The other end of the outer tube 161 is spaced apart by a predetermined interval from the other closed end of the inner tube 162.

Accordingly, radical atomic species are sprayed toward the side wall of the outer tube 161 through the first spray hole 162a. The process gas in the radical state, which is sprayed through the first spray hole 162a, is mixed in a space between the inner tube 162 and the outer tube 161 so that uniformity of pressure of the process gas can be attained, and then, is sprayed toward the outside through the second spray holes 161a. Thus, uniform spray of the process gas can be attained, and accordingly, the process gas in the radical state flows with a lamina form in an internal region of the process chamber.

Fig. 3 is a diagram illustrating a spray angle ((3) of process gas in a radical state. It is preferable that the infrared lamps 220 and the supply port 160 are appropriately arranged such that a radiation region of light emitted from the infrared lamps 220 coincides with a spray region of a radical source sprayed from the supply port 160. In this case, a spray angle (0) of the process gas sprayed through the second spray holes 161a of the supply port 160 is preferably large enough that the spray region (B) of the process gas covers the entire area (A) of the wafer. To this end, the second spray holes 161 are inclined to some degree toward the outside.

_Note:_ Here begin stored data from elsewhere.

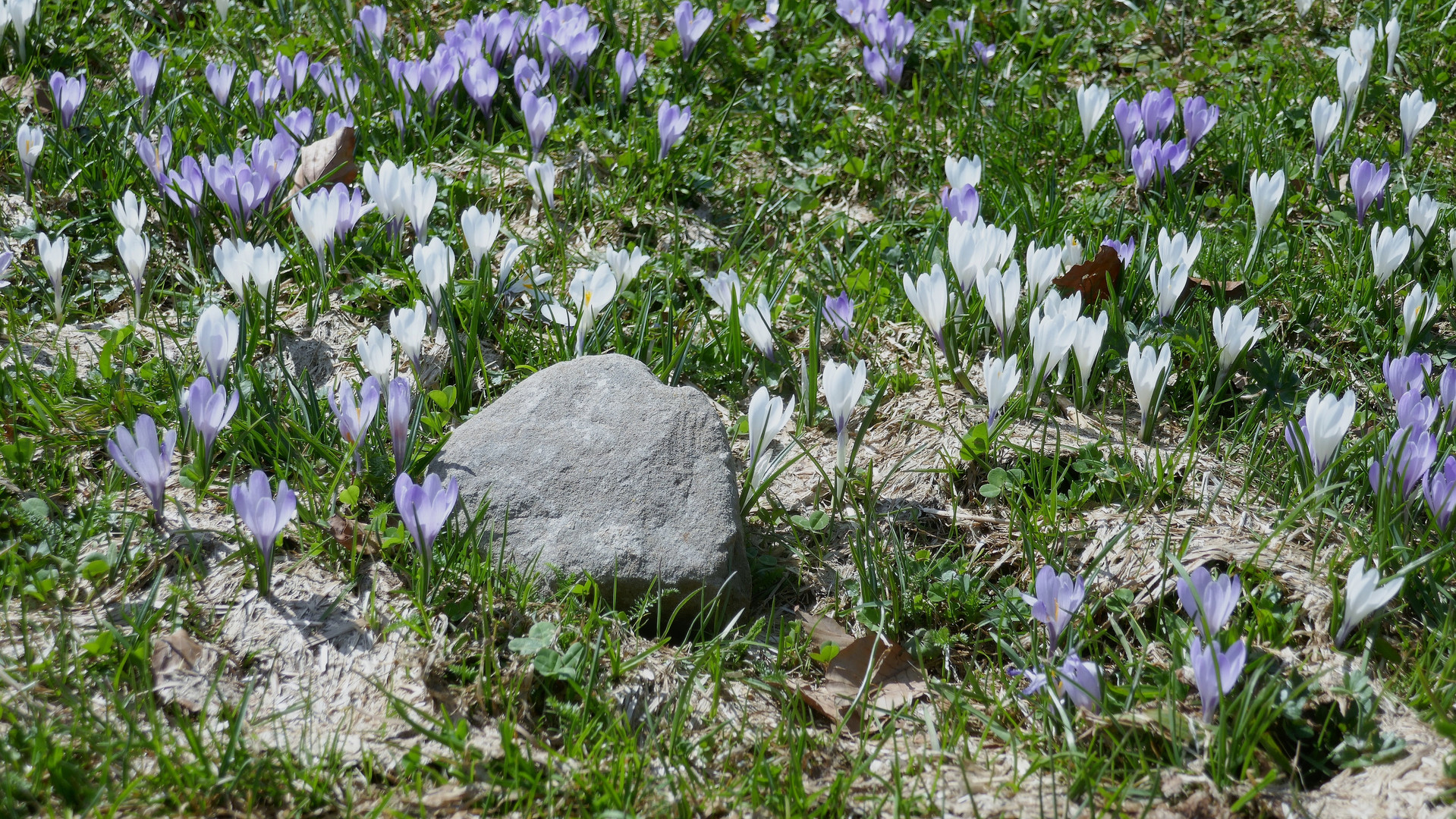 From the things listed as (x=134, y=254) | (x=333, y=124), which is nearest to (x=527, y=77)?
(x=333, y=124)

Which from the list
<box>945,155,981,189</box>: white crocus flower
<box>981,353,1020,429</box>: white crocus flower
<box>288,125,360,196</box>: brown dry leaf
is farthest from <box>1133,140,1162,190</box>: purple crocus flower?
<box>288,125,360,196</box>: brown dry leaf

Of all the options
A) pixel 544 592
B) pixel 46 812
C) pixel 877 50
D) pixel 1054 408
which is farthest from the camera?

Although the process chamber has been described as having one supply port and one exhaust port in the preferred embodiment, it is not limited to this, rather, the process chamber can have a plurality of supply ports and a plurality of exhaust ports in a one to one correspondence way. In the case of the plurality of supply ports, the plasma supply apparatus need not be provided at all the supply ports. In addition, raw process material of a general form of gas rather than a radical form of gas can be supplied through the supply port to which the plasma supply port is not connected.

Although the preferred embodiment of the present invention has been disclosed for illustrative purposes, those skilled in the art will appreciate that various modifications, additions and substitutions are possible, without departing from the scope and spirit of the invention as disclosed in the accompanying claims.